TASK: Repeat word for word the lines from the one containing "Afaceristul s-a dus" to the end of the material below, and leave all pictures out.
***
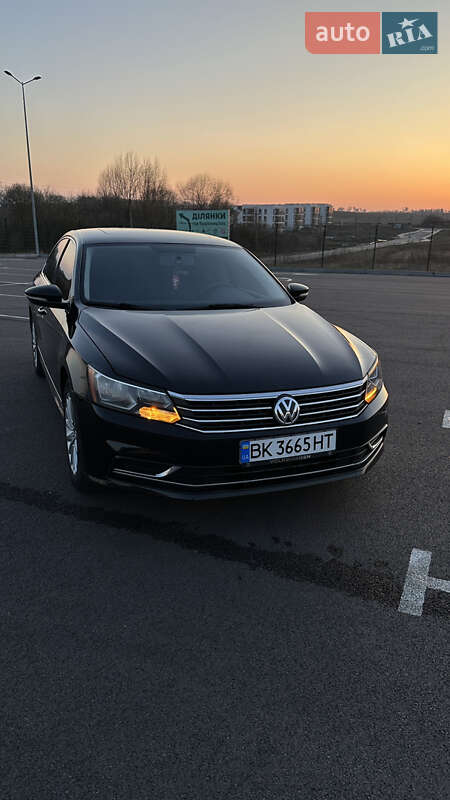 Седан Volkswagen Passat 2015 в Рівному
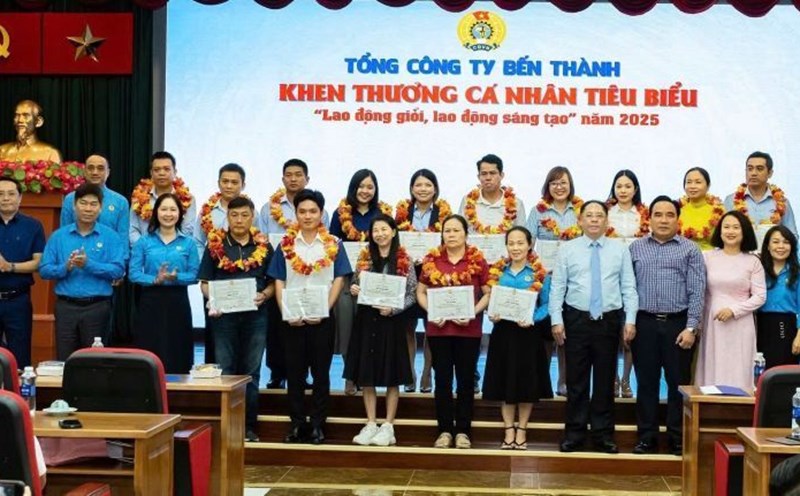 Leaders of the Ho Chi Minh City Labor Federation, the Corporation and the Ben Thanh Corporation Trade Union awarded awards to exemplary good and creative workers. Photo: Duc Long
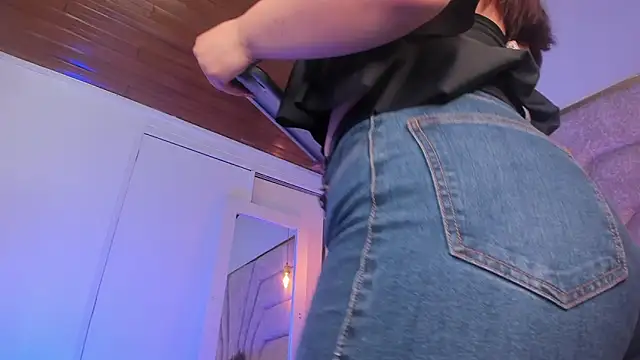 EmaJames25 online show from 04.18.26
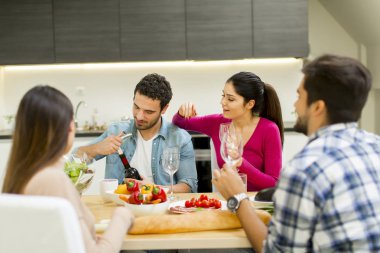 Gençler evde parti şarap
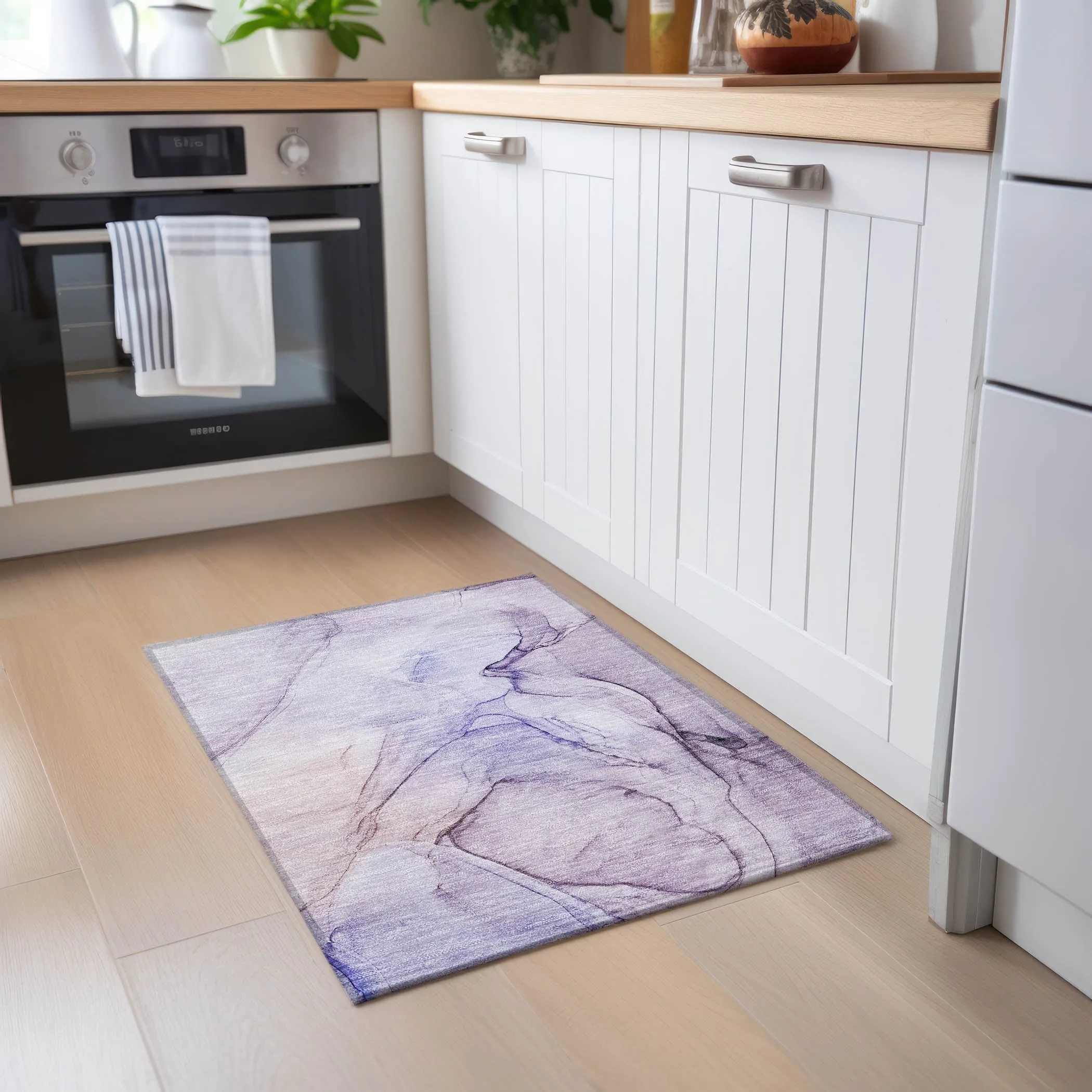 Machine Washable Indoor/ Outdoor Abstract Chantille Rug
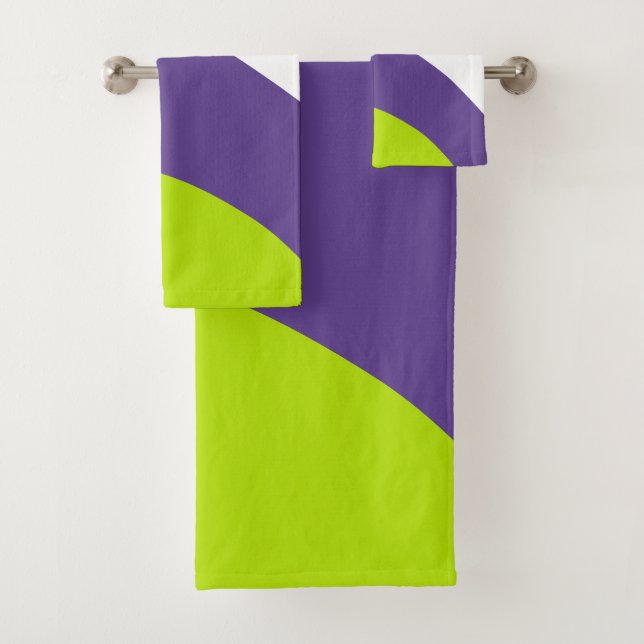 Einfache Waves in Kalkgrün und Lila Badhandtuch Set (Insitu)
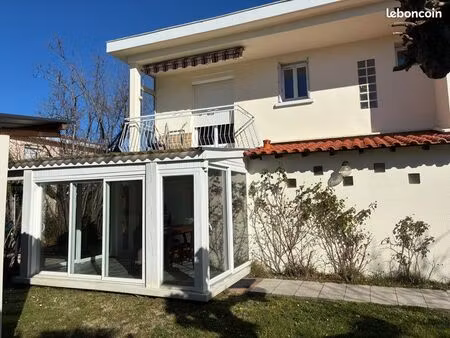 maison familiale 160 m² avec piscine chauffée sur terrain de 908 m²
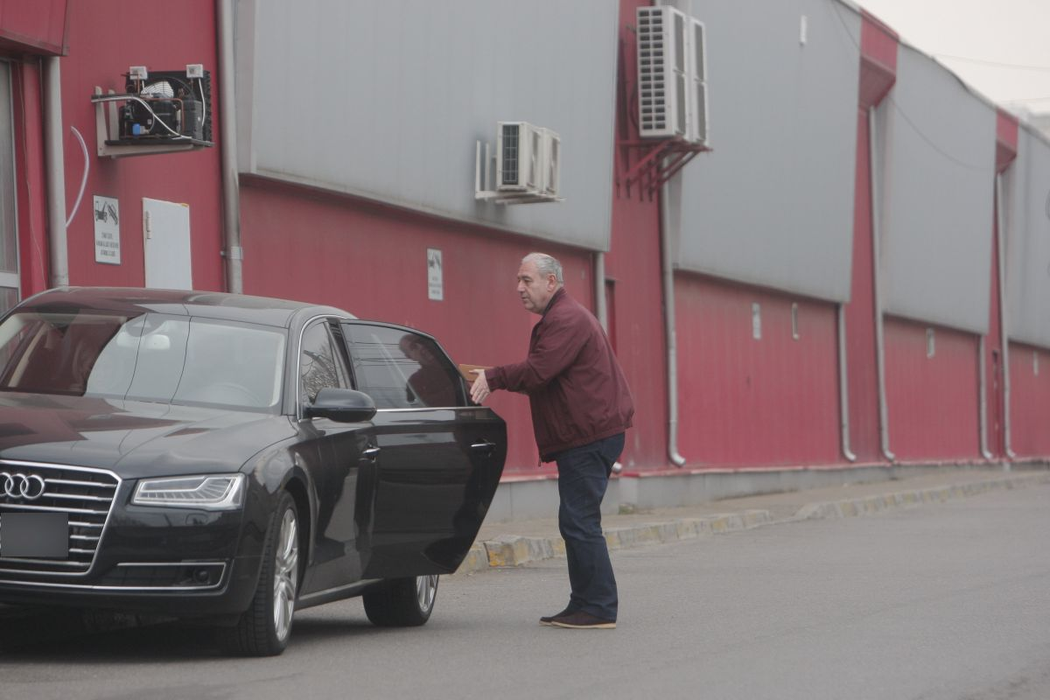 Afaceristul s-a dus la cumpărături special pentru Raluca Miu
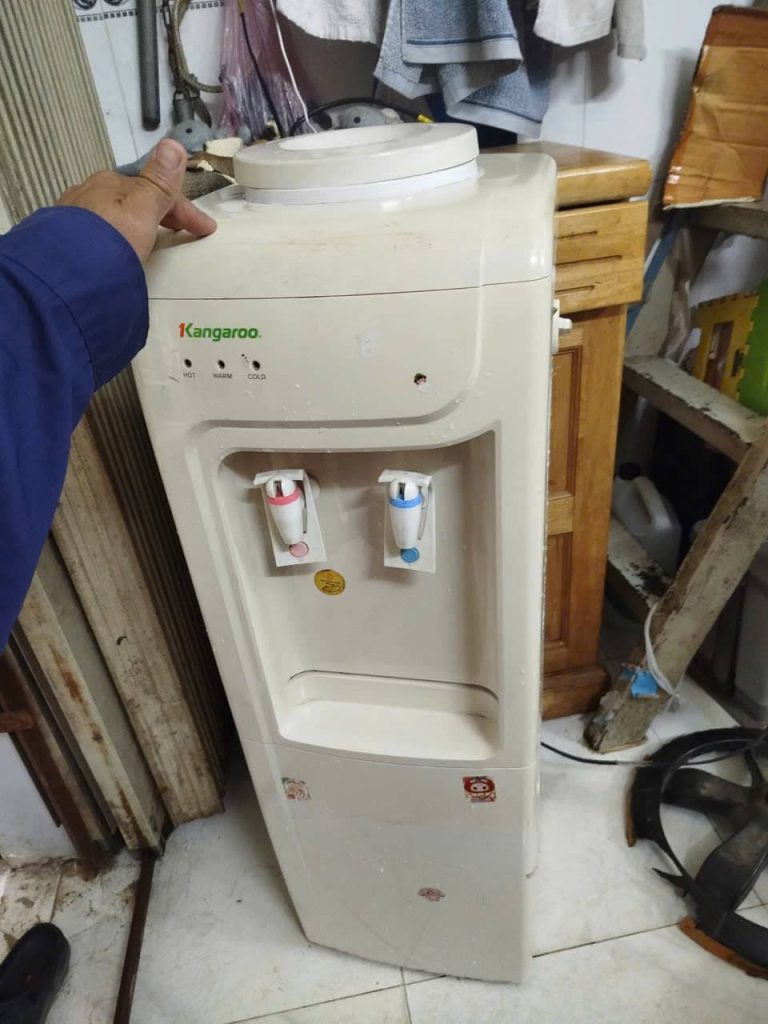 Cây nước nóng lạnh Kangaroo bị tràn nước – Ghi nhận kiểm tra thực tế 2026 cay nuoc nong lanh kangaroo bi tran nuoc.jpg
***
ANSWER TO THIS TASK:
 Afaceristul s-a dus la cumpărături special pentru Raluca Miu
 Cây nước nóng lạnh Kangaroo bị tràn nước – Ghi nhận kiểm tra thực tế 2026 cay nuoc nong lanh kangaroo bi tran nuoc.jpg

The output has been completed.